*** Opening DATA EXCERPT ***
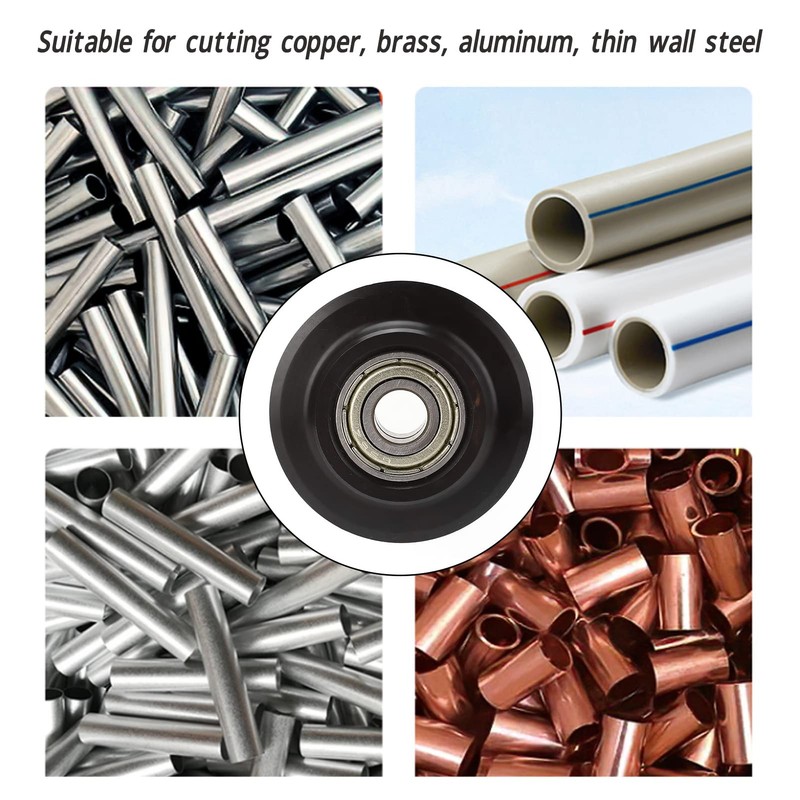 Pipe Cutter Cutting Wheel, Pipe Cutter Blade Alloy Steel for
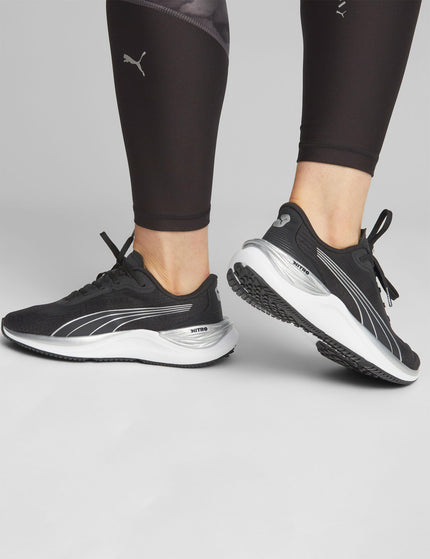 PUMA Electrify NITRO 3 Shoes - Black/Silverimage6- The Sports Edit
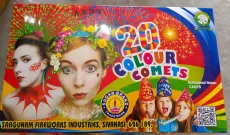20 Colour Comets (ARD Brand)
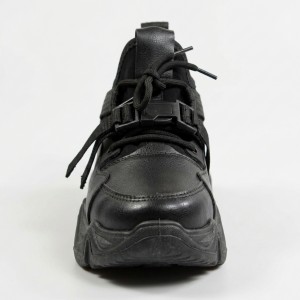 2958-8 Black Дамски маратонки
*** Closing DATA EXCERPT ***
WHAT YOU HAVE TO DO:
The required output consists only of the lines from the one containing "20 Colour Comets (ARD Brand)" to the last line of the material, reproduced exactly, pictures excluded.

RESPONSE TO THIS EXERCISE:
20 Colour Comets (ARD Brand)
 2958-8 Black Дамски маратонки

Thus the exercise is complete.